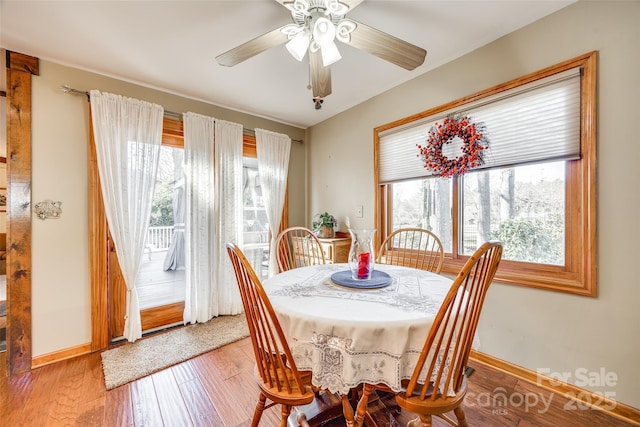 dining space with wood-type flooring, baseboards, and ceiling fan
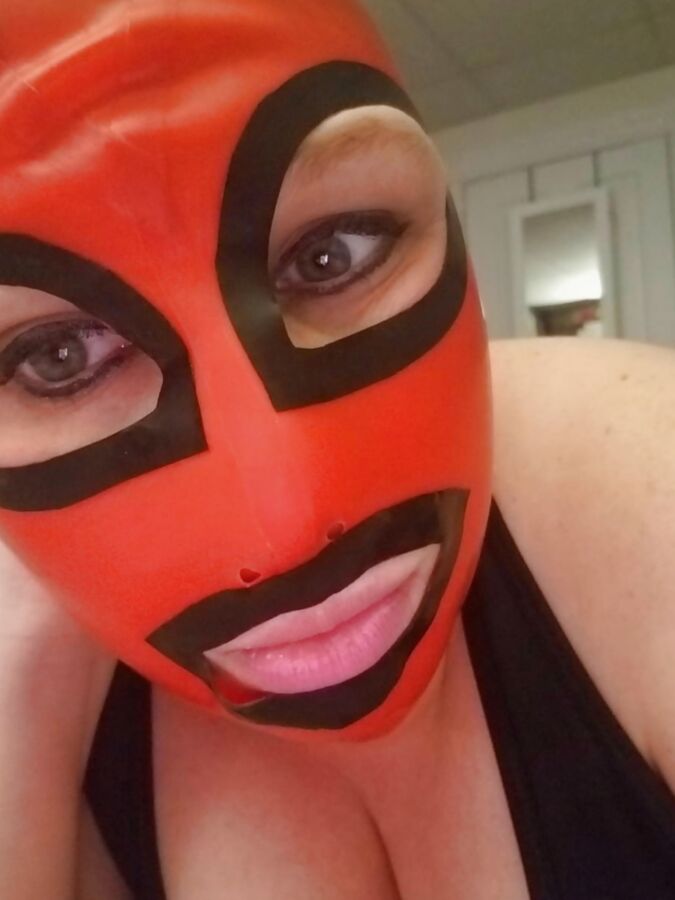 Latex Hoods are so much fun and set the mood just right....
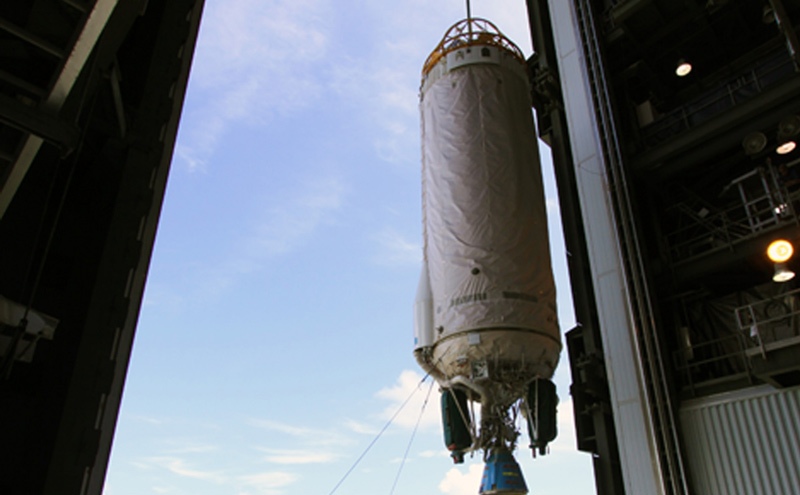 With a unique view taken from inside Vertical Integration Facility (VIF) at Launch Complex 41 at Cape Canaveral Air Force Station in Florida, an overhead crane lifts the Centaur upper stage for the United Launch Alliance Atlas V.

#####

* Work order
Leave the pictures out, and print every line of the listing exactly as written.

* Response
 dining space with wood-type flooring, baseboards, and ceiling fan
 Latex Hoods are so much fun and set the mood just right....
 With a unique view taken from inside Vertical Integration Facility (VIF) at Launch Complex 41 at Cape Canaveral Air Force Station in Florida, an overhead crane lifts the Centaur upper stage for the United Launch Alliance Atlas V.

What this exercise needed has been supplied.